**DATASET RECORDS:**
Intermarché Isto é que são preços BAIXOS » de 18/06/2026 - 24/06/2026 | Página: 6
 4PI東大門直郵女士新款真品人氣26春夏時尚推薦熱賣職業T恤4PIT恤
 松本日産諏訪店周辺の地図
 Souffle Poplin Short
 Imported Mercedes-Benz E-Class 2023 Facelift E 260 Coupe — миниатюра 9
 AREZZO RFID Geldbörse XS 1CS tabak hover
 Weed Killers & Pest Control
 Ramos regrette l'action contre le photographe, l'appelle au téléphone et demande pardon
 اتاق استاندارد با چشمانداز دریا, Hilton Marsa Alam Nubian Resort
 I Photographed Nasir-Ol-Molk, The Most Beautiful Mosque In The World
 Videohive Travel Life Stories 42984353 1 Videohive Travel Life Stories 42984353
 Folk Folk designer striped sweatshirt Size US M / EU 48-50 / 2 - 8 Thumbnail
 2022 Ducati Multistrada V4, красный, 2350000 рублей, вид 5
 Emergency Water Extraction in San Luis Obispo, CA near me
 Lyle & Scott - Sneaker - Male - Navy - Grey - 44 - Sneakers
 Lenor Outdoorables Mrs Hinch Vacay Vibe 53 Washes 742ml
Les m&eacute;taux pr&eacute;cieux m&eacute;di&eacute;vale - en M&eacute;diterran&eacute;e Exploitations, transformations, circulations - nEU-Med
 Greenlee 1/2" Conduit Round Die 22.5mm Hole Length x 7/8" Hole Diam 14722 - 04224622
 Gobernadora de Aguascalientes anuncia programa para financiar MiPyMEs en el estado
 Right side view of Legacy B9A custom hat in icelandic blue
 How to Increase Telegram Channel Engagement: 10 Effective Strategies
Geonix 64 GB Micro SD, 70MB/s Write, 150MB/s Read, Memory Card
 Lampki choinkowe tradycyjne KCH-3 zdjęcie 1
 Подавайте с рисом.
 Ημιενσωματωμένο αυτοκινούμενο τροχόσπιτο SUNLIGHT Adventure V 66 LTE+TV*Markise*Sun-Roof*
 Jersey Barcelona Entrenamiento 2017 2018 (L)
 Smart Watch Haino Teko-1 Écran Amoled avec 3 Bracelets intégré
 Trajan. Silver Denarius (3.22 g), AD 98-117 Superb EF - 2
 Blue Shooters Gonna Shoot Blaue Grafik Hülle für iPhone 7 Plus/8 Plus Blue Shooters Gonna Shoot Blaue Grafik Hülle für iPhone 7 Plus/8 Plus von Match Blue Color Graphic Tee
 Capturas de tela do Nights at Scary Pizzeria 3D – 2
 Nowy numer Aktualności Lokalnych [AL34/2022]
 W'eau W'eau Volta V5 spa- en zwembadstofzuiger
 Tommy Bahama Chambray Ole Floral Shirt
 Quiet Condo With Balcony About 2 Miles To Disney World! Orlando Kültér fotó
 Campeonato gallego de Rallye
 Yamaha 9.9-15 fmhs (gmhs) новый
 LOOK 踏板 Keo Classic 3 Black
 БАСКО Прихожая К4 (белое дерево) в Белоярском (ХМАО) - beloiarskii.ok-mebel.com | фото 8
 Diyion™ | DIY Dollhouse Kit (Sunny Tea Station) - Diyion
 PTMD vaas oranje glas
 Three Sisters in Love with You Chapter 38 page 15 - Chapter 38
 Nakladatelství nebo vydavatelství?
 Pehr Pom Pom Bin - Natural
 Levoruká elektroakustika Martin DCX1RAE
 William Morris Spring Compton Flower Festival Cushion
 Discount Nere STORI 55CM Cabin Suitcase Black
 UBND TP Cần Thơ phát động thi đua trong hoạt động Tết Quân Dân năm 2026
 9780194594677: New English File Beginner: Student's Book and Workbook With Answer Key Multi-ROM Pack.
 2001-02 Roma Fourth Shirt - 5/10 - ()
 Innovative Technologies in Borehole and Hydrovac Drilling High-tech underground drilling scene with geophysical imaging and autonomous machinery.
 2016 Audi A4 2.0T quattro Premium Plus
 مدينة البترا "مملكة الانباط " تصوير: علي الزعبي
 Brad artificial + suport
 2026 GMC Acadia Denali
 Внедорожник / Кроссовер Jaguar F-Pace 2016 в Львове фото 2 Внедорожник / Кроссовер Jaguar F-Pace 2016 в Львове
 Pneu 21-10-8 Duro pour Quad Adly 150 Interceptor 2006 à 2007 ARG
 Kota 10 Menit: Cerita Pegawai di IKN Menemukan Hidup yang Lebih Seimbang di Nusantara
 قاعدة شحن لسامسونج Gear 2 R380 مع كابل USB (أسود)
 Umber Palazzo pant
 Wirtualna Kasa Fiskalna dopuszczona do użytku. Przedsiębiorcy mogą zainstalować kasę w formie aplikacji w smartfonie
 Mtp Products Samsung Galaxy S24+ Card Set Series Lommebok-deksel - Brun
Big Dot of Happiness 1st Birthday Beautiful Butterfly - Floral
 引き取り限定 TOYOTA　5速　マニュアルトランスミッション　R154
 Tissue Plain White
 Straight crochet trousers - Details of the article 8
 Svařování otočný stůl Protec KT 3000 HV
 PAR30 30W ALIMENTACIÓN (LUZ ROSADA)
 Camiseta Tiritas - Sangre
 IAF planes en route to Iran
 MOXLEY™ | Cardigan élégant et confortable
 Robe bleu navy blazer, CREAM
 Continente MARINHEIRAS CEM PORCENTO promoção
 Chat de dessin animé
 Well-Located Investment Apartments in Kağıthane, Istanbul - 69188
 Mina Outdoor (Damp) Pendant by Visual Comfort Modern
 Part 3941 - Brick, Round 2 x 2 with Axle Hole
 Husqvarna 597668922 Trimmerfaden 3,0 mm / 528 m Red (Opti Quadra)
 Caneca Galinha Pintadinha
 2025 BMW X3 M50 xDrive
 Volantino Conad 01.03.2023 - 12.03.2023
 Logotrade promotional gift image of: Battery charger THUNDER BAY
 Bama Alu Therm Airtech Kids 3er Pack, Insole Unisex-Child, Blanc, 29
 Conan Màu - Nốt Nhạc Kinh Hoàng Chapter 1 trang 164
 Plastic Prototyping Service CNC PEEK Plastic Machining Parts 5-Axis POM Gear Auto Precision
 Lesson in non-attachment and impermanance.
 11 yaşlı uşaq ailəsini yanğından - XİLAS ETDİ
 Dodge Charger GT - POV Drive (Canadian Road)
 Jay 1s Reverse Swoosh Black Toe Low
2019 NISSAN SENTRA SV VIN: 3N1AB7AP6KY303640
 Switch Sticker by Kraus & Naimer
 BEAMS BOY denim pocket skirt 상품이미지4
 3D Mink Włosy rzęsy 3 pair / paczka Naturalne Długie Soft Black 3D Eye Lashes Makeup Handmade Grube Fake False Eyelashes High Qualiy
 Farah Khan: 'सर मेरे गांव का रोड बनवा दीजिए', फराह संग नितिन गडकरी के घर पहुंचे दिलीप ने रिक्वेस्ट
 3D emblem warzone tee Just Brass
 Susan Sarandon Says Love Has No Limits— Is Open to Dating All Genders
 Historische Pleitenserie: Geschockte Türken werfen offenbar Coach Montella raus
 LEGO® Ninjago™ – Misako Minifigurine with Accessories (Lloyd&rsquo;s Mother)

**TASK ITEM:** What do the lines from the one with "Logotrade promotional gift" through the last line of the entries say? Print them word for word, both ends included, and nothing else.

**TASK SOLUTION:**
 Logotrade promotional gift image of: Battery charger THUNDER BAY
 Bama Alu Therm Airtech Kids 3er Pack, Insole Unisex-Child, Blanc, 29
 Conan Màu - Nốt Nhạc Kinh Hoàng Chapter 1 trang 164
 Plastic Prototyping Service CNC PEEK Plastic Machining Parts 5-Axis POM Gear Auto Precision
 Lesson in non-attachment and impermanance.
 11 yaşlı uşaq ailəsini yanğından - XİLAS ETDİ
 Dodge Charger GT - POV Drive (Canadian Road)
 Jay 1s Reverse Swoosh Black Toe Low
2019 NISSAN SENTRA SV VIN: 3N1AB7AP6KY303640
 Switch Sticker by Kraus & Naimer
 BEAMS BOY denim pocket skirt 상품이미지4
 3D Mink Włosy rzęsy 3 pair / paczka Naturalne Długie Soft Black 3D Eye Lashes Makeup Handmade Grube Fake False Eyelashes High Qualiy
 Farah Khan: 'सर मेरे गांव का रोड बनवा दीजिए', फराह संग नितिन गडकरी के घर पहुंचे दिलीप ने रिक्वेस्ट
 3D emblem warzone tee Just Brass
 Susan Sarandon Says Love Has No Limits— Is Open to Dating All Genders
 Historische Pleitenserie: Geschockte Türken werfen offenbar Coach Montella raus
 LEGO® Ninjago™ – Misako Minifigurine with Accessories (Lloyd&rsquo;s Mother)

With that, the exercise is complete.